TASK INSTRUCTIONS - When you reproduce the listing, keep every word as it is and drop the pictures.

------------------------------------------------------------

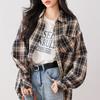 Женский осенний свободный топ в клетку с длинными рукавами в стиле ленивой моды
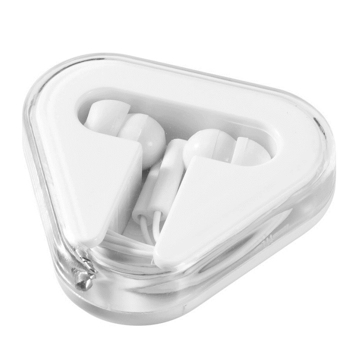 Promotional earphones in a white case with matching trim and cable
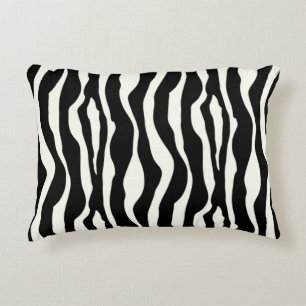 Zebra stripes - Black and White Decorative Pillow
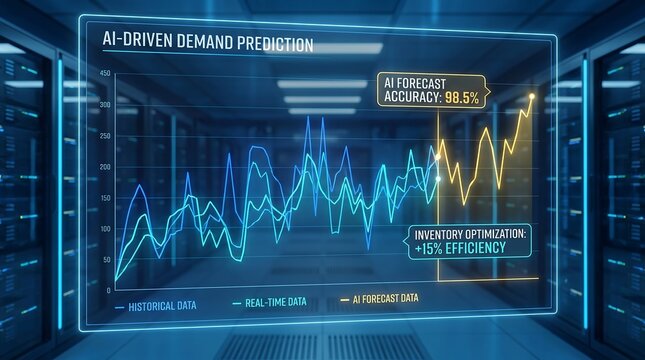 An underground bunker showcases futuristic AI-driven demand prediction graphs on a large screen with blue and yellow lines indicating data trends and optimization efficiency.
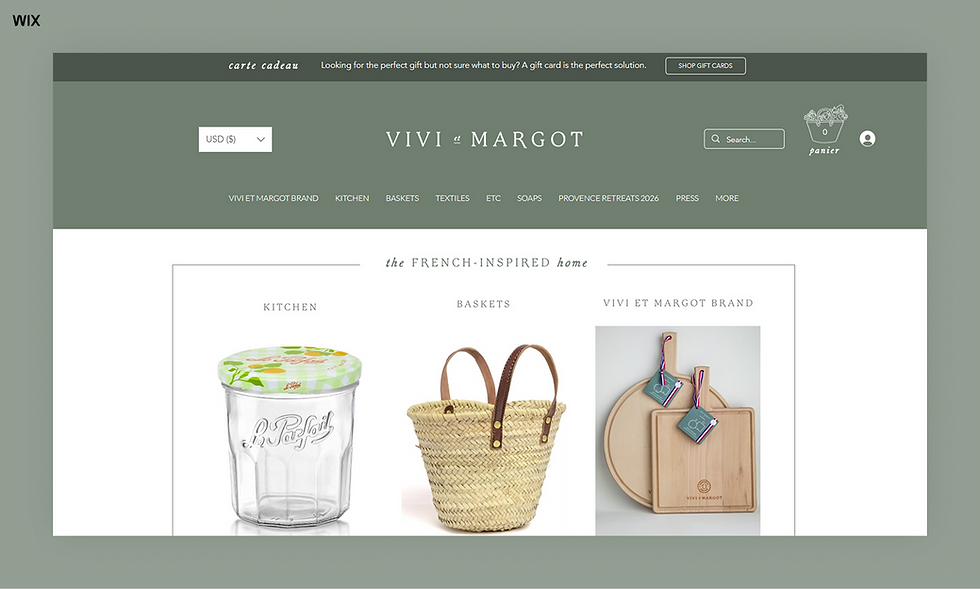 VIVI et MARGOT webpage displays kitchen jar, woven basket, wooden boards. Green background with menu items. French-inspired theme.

------------------------------------------------------------

EXERCISE ANSWER -
 Женский осенний свободный топ в клетку с длинными рукавами в стиле ленивой моды
 Promotional earphones in a white case with matching trim and cable
 Zebra stripes - Black and White Decorative Pillow
 An underground bunker showcases futuristic AI-driven demand prediction graphs on a large screen with blue and yellow lines indicating data trends and optimization efficiency.
 VIVI et MARGOT webpage displays kitchen jar, woven basket, wooden boards. Green background with menu items. French-inspired theme.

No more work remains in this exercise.